• **EXERCISE AIM**: In the records below, find the line with "7.中山獎藝術家吳啟林與得獎作品合影" and repeat exactly every line from it through the line with "Bus crash kills". Pictures stay out.

• **RECORDS FOR THIS TASK**:
# # # # #

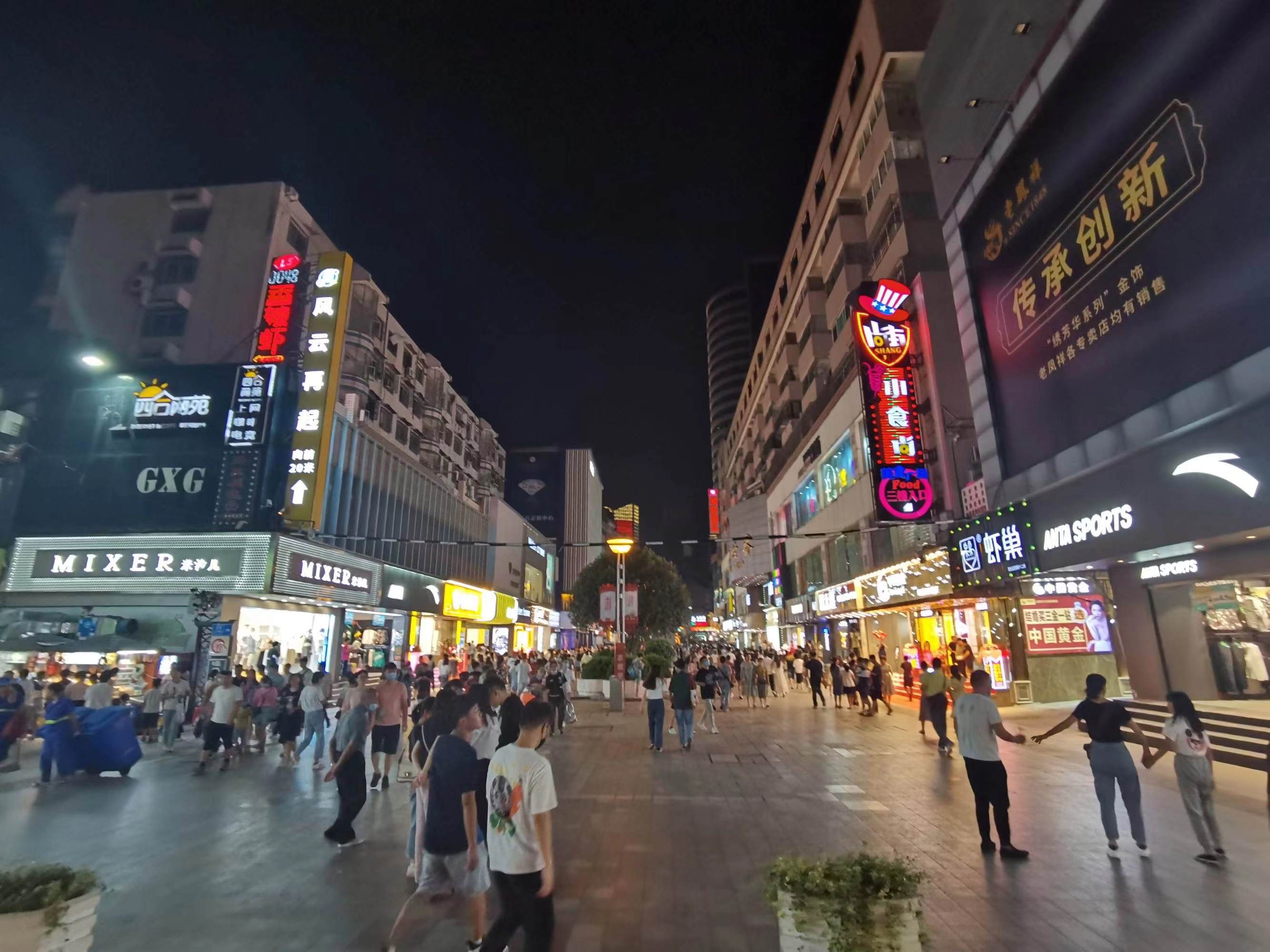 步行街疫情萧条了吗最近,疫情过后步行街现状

# # # # #

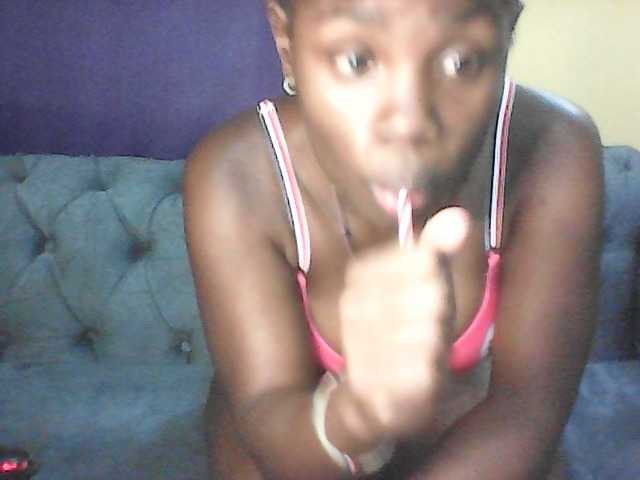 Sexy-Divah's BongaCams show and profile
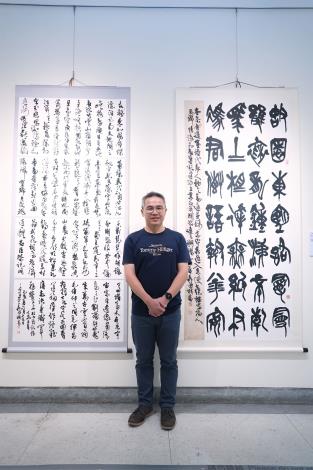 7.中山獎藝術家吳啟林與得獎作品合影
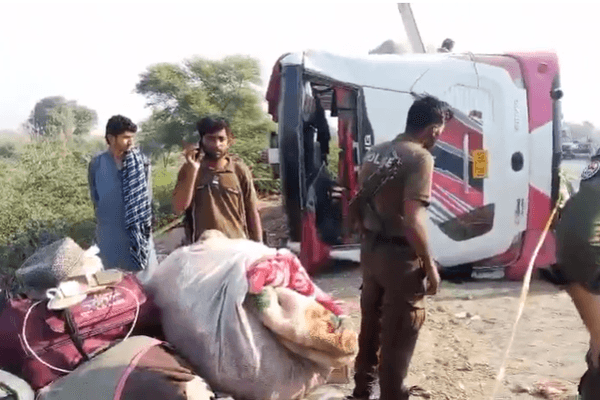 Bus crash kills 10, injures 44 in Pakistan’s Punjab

# # # # #

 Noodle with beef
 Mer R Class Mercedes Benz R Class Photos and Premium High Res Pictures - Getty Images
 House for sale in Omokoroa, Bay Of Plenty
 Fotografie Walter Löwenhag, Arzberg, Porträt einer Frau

# # # # #

• **RESPONSE TO THIS TASK**:
 7.中山獎藝術家吳啟林與得獎作品合影
 Bus crash kills 10, injures 44 in Pakistan’s Punjab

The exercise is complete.